April 20, 2009, 7:49 am

your post struck a responsive chord because I’m there too– very little in fixed income, because of both low yields on bonds and very inexpensive (i hope) equity valuations.

My core belief is that a portfolio of very high quality dividend paying stocks can double in the next 5 years off the present low level. I also believe that the massive government stimulus will produce higher interest rates. So five years from now I hope to be able to take that double and invest in in bonds at higher yields.

The market timing aspect of this strategy bothers me too, but remember how your portfolio performed over the past 15 years. Rebalancing wouldn’t have helped much in the equity market. I’m not trying to time every tick, but the risk/reward in the stock market following a 50% drop seems pretty attractive.

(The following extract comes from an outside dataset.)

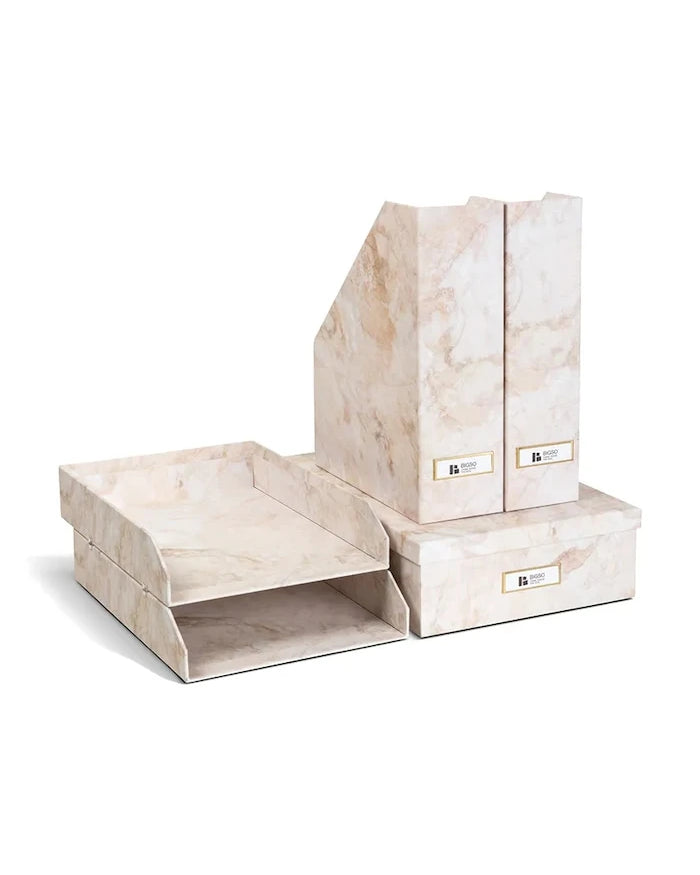 Bigso Box of Sweden Holger Doküman Düzenleyici (5 Parça)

And bond yields are at historic highs. Buffett called it a bond bubble. Even though spreads are wide, absolute yield levels aren’t particularly attractive compared with where they’ve been over the past 40 years.

April 20, 2009, 2:45 pm

TDG,

The problem is what type of fixed income security to buy. Longer Term CD’s could get you 4% if you lock your money for 5-7 years. US Government bonds won’t even get you 4%.. You could purchase corporate bonds or even high yield preferred stocks, but this could backfire..

DGI

Charles
April 26, 2009, 6:32 am

I support the idea on corporate bonds given they did too have been hammered and the spreads are really attractive. I mean if you are willing to purchased undervalued equities, the bonds behind the same companies can also be had for perhaps lesser potential return but even more security than the common.

I mean if you are willing to purchase say Royal Bank common, what’s not to say you can’t buy Royal bank preferred’s or bonds. In fact you could even go for bonds of companies you were barely considering their equity. Real return bonds are another option, they are technically cheap right now and if some are of the belief inflation is gonna be a huge issue (I personally don’t, not at least for next couple years).

April 27, 2009, 9:39 pm

Dumb question… Why does someone with a 25-year investment horizon want ANY fixed income assets? Why not go 100% stocks? (After keeping some cash equivalents for your short-term needs, of course.)

June 17, 2009, 5:01 am

[...] it took me from only 10% fixed income to a whopping 12.4% fixed income. As I wrote about a month ago, I had been focused on buying equities with the market down from October to January and the fixed [...]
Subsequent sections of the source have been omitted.